Each line indicates the method name captured by the audit aspect and successful persistence of its record.

Database Table: AUDIT_LOG

| ID | TIMESTAMP | DETAILS | ACTION | USERNAME |
|—-|—-|—-|—-|—-|
| 1 | 2025-11-02 23:37:47.27367 | Method getAllProducts executed with args [] | GETALLPRODUCTS | system |
| 2 | 2025-11-02 23:38:47.59111 | Method createProduct executed with args [com.example.auditlogging.entity.Product@37a1b59c] | CREATEPRODUCT | system |
| 3 | 2025-11-02 23:39:20.194292 | Method deleteProduct executed with args [2] | DELETEPRODUCT | system |

HTTP Response Example

Request

Response

{
    "id": 8,
    "name": "MacBook Air",
    "category": "Laptop",
    "price": 1199.99
}

Response Headers

Content-Type: application/json
X-Correlation-Id: 8a41dc7e-f3a9-4b78-9f10-8c239e62a4f4

Explanation:

The response returns the saved product details along with the correlation ID generated by the filter.

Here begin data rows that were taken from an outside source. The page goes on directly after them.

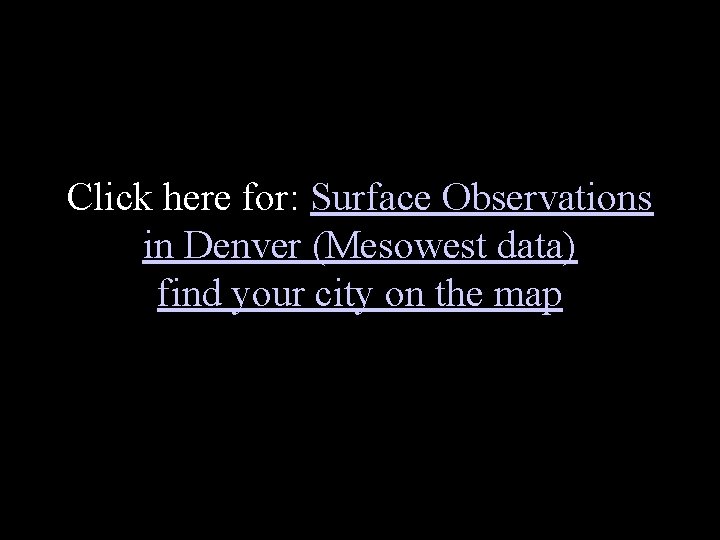Click here for: Surface Observations in Denver (Mesowest data) find your city on the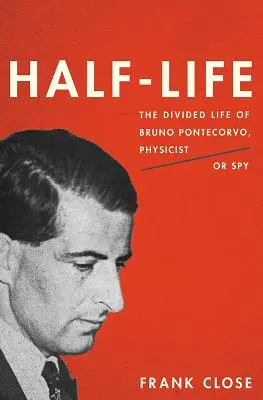 Polovičný život: Fyzik alebo špión: Rozdelený život Bruna Pontecorva - Half-Life: The Divided Life of Bruno Pontecorvo, Physicist or Spy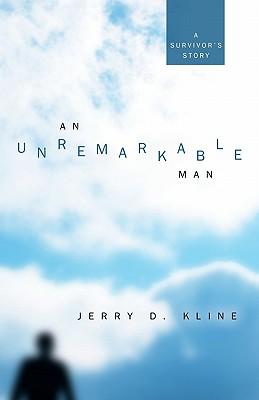 An Unremarkable Man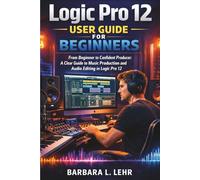 Logic Pro 12 User Guide For Beginners 2026 Edition: From Beginner to Confident Producer: A Clear Guide to Music Production and Audio Editing in Logic Pro 12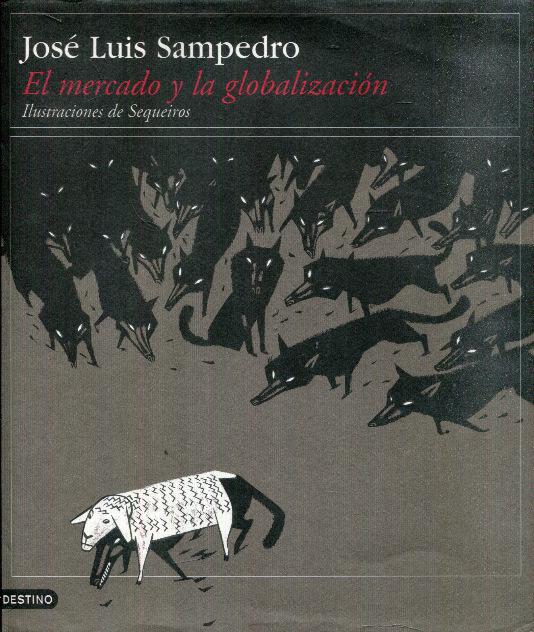 El mercado y la globalización - Sampedro, José Luis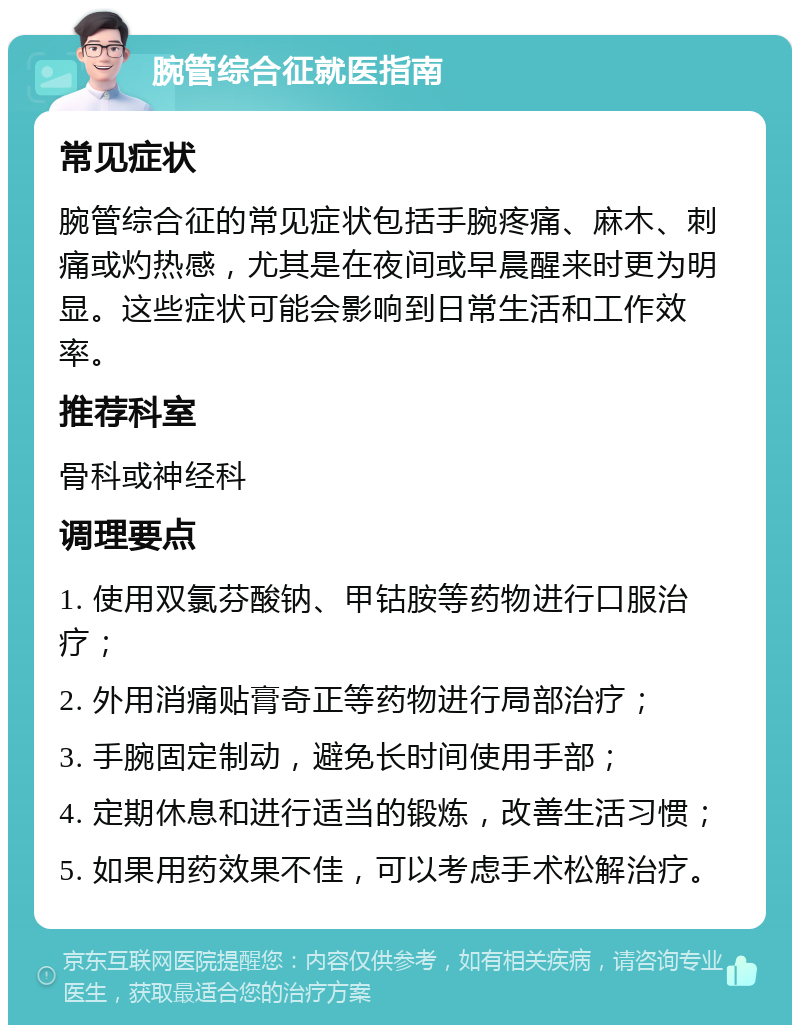 腕管综合征就医指南 常见症状 腕管综合征的常见症状包括手腕疼痛、麻木、刺痛或灼热感，尤其是在夜间或早晨醒来时更为明显。这些症状可能会影响到日常生活和工作效率。 推荐科室 骨科或神经科 调理要点 1. 使用双氯芬酸钠、甲钴胺等药物进行口服治疗； 2. 外用消痛贴膏奇正等药物进行局部治疗； 3. 手腕固定制动，避免长时间使用手部； 4. 定期休息和进行适当的锻炼，改善生活习惯； 5. 如果用药效果不佳，可以考虑手术松解治疗。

Audit Entry for Above Request

| ID | TIMESTAMP | DETAIL | ACTION | USERNAME |
|—-|—-|—-|—-|—-|
| 1 | 2025-11-02 23:38:47.59111 | Method createProduct executed with args [com.example.auditlogging.entity.Product@37a1b59c] | CREATEPRODUCT | system |

Combined Flow Visualization

| Step | Component | What Happens | Example Output |
|—-|—-|—-|—-|
| 1 | Controller | POST /api/products executes | Product created |
| 2 | Aspect | Captures method name + args | CREATEPRODUCT |
| 3 | Repository | Saves AuditLog entry | Row inserted in DB |
| 4 | Logger | Prints success message | Audit log saved successfully… |
| 5 | Filter | Adds correlation ID to response | X-Correlation-Id: |

Final Output Summary

After running all four operations (Create, Read, Update, Delete):

Console Output

Audit log saved successfully for method: createProduct
Audit log saved successfully for method: getAllProducts
Audit log saved successfully for method: updateProduct
Audit log saved successfully for method: deleteProduct

Database

Four rows in AUDIT_LOG table representing each action.

Response Header

Each API response includes X-Correlation-Id.

Response Body Example

{
  "id": 1,
  "name": "Laptop Pro",
  "category": "Electronics",
  "price": 1350.0
}

Extending It for Real Users

You can easily integrate with Spring Security to capture the actual logged-in username:

String username = SecurityContextHolder.getContext().getAuthentication().getName();
log.setUsername(username);

Conclusion

You now have a fully working audit logging framework in Spring Boot that automatically captures all REST API actions with minimal code.

This approach ensures:

• Centralized audit logging for all REST endpoints
• Non-intrusive — no need to modify each controller
• Easily extendable to capture IP address, headers, or request body
• Ready for production with async logging and correlation IDs

This setup ensures every REST API call leaves a clear trace for debugging and compliance purposes.